The first day was a struggle as I tried unloading the dishwasher without bending my knees. Then there was the ban from aerobics my doctor had placed on me. Now, I’m usually good at following directions and toeing the line, but this one I crossed. Well, not exactly crossed, but stretched. I got a chair and found workouts that I could do from a seated position. It’s amazing how much of a sweat I can workup without my feet ever touching the ground.
When I first learned about my movement restrictions, my first worry was about how it would impact my ability to get my kids to camp, make meals, clean up, do the washing, and all the other activities that come with raising children and running a household. How was I going to do it all? The answer is that I can’t, and my daughters rose to the occasion valiantly. When I ask them to help with chores around the house, they pitch in.
I’m not going to say my sprained ankle is a blessing in disguise, I’m not there yet. But it hasn’t been the sentence of doom that I was expecting. Yes, I wish I could hurry about like I could a week ago. Yes, it’s a pain to have to ask for help and yes, the brace does get hot and I’d rather not have to wear it. But I can be grateful. Grateful that it’s not broken, grateful that my recovery will be (hopefully) short.

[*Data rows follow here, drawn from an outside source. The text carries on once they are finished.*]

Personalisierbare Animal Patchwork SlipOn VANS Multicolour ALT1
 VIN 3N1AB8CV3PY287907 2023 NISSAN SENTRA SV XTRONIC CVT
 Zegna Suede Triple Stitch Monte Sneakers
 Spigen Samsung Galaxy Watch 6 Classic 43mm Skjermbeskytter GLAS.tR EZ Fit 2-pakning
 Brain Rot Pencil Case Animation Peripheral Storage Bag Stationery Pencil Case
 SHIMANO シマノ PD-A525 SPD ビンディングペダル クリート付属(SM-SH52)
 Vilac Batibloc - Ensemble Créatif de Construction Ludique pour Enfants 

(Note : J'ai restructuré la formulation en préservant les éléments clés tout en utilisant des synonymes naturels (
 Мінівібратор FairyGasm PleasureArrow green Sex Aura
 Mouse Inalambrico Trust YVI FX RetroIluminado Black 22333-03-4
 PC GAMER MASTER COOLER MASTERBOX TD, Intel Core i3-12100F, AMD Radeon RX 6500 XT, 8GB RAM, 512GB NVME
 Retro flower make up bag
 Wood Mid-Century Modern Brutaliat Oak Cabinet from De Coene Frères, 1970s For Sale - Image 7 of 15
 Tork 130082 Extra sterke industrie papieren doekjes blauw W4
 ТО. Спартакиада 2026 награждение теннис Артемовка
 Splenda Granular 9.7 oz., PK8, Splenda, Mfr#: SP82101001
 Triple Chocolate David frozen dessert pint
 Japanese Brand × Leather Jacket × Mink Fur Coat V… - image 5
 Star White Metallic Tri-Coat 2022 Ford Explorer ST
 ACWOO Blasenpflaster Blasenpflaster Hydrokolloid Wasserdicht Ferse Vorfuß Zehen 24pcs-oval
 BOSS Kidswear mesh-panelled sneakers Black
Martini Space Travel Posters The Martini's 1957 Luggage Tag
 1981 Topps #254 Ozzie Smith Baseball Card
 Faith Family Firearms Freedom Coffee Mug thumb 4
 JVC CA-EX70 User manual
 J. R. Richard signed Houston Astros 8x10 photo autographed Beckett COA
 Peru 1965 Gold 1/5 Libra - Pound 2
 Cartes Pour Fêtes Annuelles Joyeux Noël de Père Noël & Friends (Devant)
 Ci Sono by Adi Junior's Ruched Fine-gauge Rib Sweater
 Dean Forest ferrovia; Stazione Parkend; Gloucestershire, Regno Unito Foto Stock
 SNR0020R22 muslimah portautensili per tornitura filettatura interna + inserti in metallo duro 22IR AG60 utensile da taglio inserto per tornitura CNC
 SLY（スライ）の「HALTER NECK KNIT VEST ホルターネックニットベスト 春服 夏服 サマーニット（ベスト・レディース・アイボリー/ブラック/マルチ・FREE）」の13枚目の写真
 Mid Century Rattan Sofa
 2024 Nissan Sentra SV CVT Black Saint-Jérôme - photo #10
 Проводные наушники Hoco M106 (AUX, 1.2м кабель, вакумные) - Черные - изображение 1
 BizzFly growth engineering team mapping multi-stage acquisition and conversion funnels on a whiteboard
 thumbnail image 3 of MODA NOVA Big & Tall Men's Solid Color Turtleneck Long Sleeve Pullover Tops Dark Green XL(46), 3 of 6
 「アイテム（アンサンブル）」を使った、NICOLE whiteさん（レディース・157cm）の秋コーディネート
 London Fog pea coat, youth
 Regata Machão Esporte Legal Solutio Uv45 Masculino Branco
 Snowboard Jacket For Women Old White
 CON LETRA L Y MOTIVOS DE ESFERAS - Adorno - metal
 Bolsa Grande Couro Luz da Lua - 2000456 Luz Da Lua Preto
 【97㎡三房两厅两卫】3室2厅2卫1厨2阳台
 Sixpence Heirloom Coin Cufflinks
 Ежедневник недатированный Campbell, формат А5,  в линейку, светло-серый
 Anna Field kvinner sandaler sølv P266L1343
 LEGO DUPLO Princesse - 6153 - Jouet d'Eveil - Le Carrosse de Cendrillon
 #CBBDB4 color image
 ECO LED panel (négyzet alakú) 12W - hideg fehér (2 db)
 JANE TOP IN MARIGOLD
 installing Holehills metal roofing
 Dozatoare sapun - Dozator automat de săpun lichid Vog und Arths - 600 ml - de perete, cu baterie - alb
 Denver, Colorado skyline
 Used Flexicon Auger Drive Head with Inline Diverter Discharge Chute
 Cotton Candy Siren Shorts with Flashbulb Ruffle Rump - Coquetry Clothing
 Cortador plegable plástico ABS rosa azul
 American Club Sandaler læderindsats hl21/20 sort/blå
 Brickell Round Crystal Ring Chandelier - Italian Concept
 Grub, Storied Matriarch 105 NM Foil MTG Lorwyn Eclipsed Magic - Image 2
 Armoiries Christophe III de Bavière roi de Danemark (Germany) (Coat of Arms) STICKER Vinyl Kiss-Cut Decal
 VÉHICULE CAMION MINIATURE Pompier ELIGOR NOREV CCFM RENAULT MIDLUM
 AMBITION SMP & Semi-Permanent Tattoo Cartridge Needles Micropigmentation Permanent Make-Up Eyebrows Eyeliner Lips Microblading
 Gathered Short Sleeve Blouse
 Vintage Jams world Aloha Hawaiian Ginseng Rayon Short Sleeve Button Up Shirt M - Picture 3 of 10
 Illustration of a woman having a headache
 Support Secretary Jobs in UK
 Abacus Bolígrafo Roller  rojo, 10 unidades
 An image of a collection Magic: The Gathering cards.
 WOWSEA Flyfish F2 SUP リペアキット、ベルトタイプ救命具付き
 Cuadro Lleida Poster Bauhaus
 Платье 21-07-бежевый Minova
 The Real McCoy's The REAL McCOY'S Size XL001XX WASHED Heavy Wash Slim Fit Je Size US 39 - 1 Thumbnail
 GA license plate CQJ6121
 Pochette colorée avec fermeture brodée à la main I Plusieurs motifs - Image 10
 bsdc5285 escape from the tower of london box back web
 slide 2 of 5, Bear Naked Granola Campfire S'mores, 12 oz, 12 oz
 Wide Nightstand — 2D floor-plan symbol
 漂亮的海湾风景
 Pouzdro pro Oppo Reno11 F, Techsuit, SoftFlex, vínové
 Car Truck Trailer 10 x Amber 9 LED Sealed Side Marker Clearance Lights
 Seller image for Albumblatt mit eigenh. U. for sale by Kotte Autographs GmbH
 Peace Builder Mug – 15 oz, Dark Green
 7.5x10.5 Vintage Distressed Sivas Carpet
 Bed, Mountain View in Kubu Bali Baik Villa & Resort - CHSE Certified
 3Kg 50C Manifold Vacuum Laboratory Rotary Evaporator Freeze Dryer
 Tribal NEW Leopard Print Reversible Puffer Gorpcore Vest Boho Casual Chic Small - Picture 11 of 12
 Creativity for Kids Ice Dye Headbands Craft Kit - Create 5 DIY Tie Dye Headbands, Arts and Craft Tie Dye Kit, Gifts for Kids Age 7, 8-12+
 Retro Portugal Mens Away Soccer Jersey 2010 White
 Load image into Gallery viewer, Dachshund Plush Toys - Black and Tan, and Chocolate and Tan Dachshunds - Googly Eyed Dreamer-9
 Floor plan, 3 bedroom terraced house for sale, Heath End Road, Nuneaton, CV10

I also know it could be worse. I have a friend who also hurt her leg recently, but unlike me, it hasn’t been a simple recovery. I can’t begin to imagine what it’s like for her to have multiple surgeries, multiple trips to the hospital, and very intensive therapy. And even from a hospital bed, she manages to coordinate and organize the care for her own family. Seeing my friend struggle and succeed through these trials helps keep my situation in perspective.
Whenever I see my brace, I think of her and all she has been through. Her courage, strength and determination to keep pushing forward, even though the road to healing has thrown many curves and roadblocks in her way, are an inspiration to me.